Сближение у Достоевского Богородицы с землею, часто почитаемое еретическим, таковым не является. Именование Богородицы в молитвах «О, Земля благая, прозябшая клас неоранный», известное из жития обращение Иоанна Богослова, названного сына Богородицы, к земле как к матери во время своего погребения указывают на некую истину, за таковым сближением скрывающуюся.

Богоматерь – «Царица Небеси и земли», но царь представляет собой все царство свое, представительствует от него, является как бы его лицом, главою – а не чем-то отдельным. Все царство не есть царь, но царь есть все царство.

В православных песнопениях Богоматерь прославляется как «земля обетования, из нея же течет мед и млеко», как «нива, растящая обилие щедрот».

Митрополит Сурожский Антоний в слове на службу Погребения в Страстную Пятницу говорит: «В эту землю легло бессмертное, нетленное, пречистое Тело Иисусово. И земля дрогнула, и все изменилось, до самых недр ее»[12]. Перед нами, по сути, продолжение Благовещения, продление того же действия, которое однажды было совершено благодаря раскрытию Пресвятой Девы воле Божией. Только теперь сама земля принимает в недра свои, в утробу свою Тело Господне. Как прежде освятился начаток твари – Богородица, так ныне освящается вся тварь, получает возможность святости и бытия в Боге, если пожелает, если пребудет верна призыву Господню. Земля, как и Богородица, носила Господа во чреве своем. Земля и всех сынов Божиих хранит во чреве своем до Воскресения.

Богородица – начаток чистой, неповрежденной грехом твари – есть истинная, благая Земля, общая Мать, чья зеленая риза не меркнет, не тлеет, не утрачивает даров Духа. Земля Завета является прообразом Богородицы: ведь тайный смысл задания, полученного Израилем, тайный смысл движения к Земле Обетованной в пространстве – это движение к Богородице во времени.

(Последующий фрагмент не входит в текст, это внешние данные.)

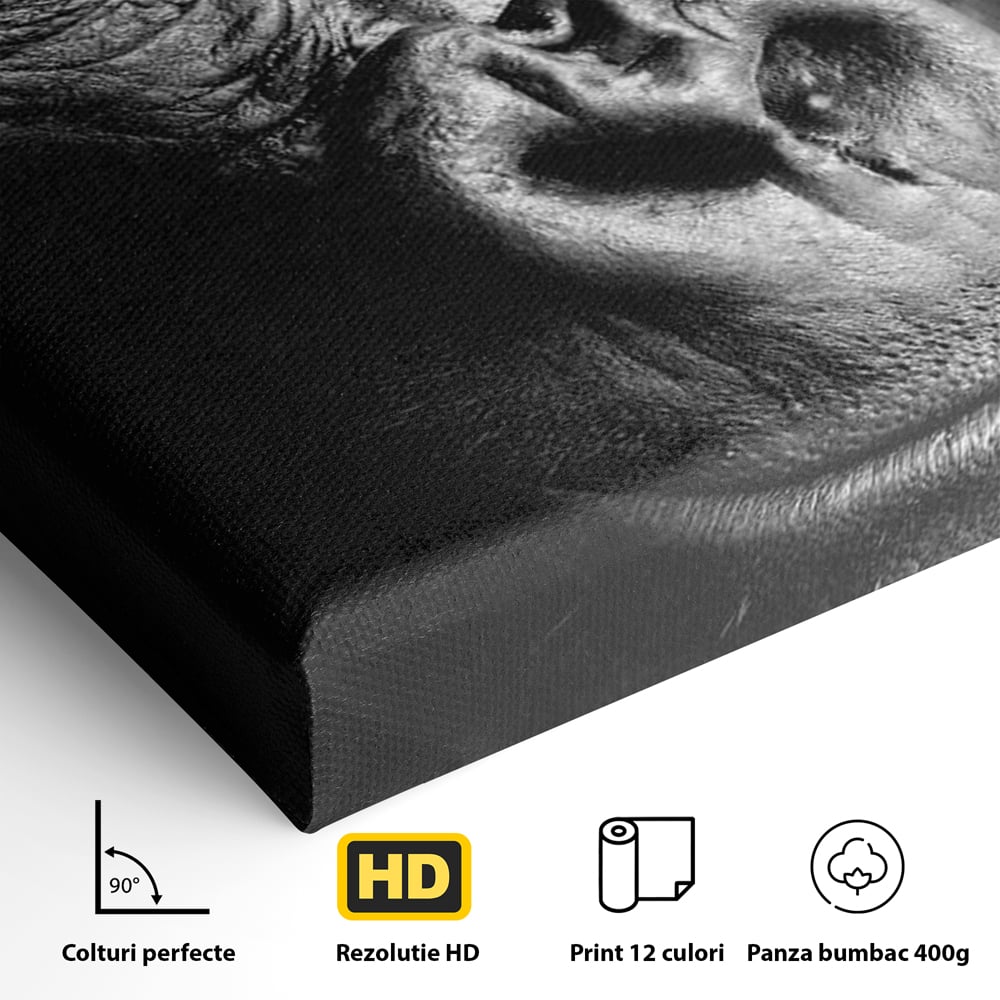 Leinwandbilder Premium, LuxCanva® M1325, Urteil im Schatten, Gorilla, Porträt, schwarz-weiß, Primat, Primaten, Blick, Wildtiere, Tiere, dunkel, realistisch, Büro, Wohnzimmer, Kinderzimmer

То, что почитание «матери-земли» как Богородицы есть принадлежность многих ересей, не означает изначальной еретичности такого почитания. Ересь ведь практически никогда не «придумывает», не изобретает чего-то принципиально нового, но уклоняется от чего-то имеющего истинную природу, искажает эту природу. Так и в данном случае: ереси обоготворяют наличное состояние твари, поклоняются земле, обремененной нашим грехом и проклятием Господним, а не благой Земле, явившей начало исцеления твари. Марья Тимофеевна (как и все создания Ставрогина) извращает – таким же образом, как и известные ереси – одну из самых святых и сердцевинных христианских интуиций.

Что касается остальных созданий Ставрогина, то С.Н. Булгаков так писал об отношении Ставрогина к Шатову и Кириллову: «Он явился для обоих искусителем, соблазняя их призрачной истиной и призрачным добром. Искушение всегда имеет дело с полуистиною, выдаваемой за целостную истину, причем следствие в нем подставляется в качестве самостоятельной цели, так что получается погоня, вместо причины, за следствием. Искушение обманывает, нарушая лад и строй целого, ниспровергая мудрость целостности – целомудрие, и такое именно разрушительное действие оказывает на души Кириллова и Шатова Ставрогин, обольщая одного идеей божественности всякого индивидуального человека, а другого – божественности народа»[13].

Можно добавить к сказанному Булгаковым: обольщая Петра Верховенского – идеей равенства и единства человечества, идеей сплоченности человечества вокруг единого центра – Личности, влекущей к себе всех с неодолимой силой.

Таким образом, Кириллов обожествляет самость вместо личности, Шатов – ковчег вместо Завета, Верховенский – антихриста вместо Христа…

Все они обожествляют оболочку, почитаемую за то, что она заключает в себе святое содержание, – саму по себе, уже вне отношения к содержимому. Между тем, оболочка, обоготворяемая без содержимого – идол, скорлупа, shell, шеол Ветхого Завета – место отсутствия Бога; место гнездилища бесов – что так ясно видно на полотнах Иеронима Босха. Словом – та самая бездна, в которую просят не посылать их бесы, вышедшие из Гадаринского бесноватого.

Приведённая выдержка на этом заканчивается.